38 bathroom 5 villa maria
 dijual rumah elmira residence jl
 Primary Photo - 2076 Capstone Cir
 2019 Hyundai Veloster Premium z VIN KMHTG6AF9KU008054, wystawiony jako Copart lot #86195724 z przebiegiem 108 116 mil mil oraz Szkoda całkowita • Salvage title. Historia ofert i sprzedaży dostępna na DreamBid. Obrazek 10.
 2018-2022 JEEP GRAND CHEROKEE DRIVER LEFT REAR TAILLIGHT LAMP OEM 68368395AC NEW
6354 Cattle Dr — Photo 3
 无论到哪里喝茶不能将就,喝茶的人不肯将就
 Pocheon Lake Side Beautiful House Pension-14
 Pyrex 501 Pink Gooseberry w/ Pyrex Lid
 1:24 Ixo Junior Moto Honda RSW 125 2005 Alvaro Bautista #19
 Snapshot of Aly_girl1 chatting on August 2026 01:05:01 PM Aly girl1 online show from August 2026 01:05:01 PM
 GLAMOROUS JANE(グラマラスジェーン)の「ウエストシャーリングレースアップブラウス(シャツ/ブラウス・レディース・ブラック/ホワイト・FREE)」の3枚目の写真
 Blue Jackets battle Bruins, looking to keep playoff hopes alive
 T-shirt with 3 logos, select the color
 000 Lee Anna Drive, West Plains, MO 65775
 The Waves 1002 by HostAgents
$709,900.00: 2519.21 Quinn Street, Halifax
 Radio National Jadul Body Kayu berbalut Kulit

━━━━━━━━━━━━━━━━━━━━

Starting with the first line of the records above, give back each line exactly until the line with "2019 Hyundai Veloster" has been given as well.

38 bathroom 5 villa maria
 dijual rumah elmira residence jl
 Primary Photo - 2076 Capstone Cir
 2019 Hyundai Veloster Premium z VIN KMHTG6AF9KU008054, wystawiony jako Copart lot #86195724 z przebiegiem 108 116 mil mil oraz Szkoda całkowita • Salvage title. Historia ofert i sprzedaży dostępna na DreamBid. Obrazek 10.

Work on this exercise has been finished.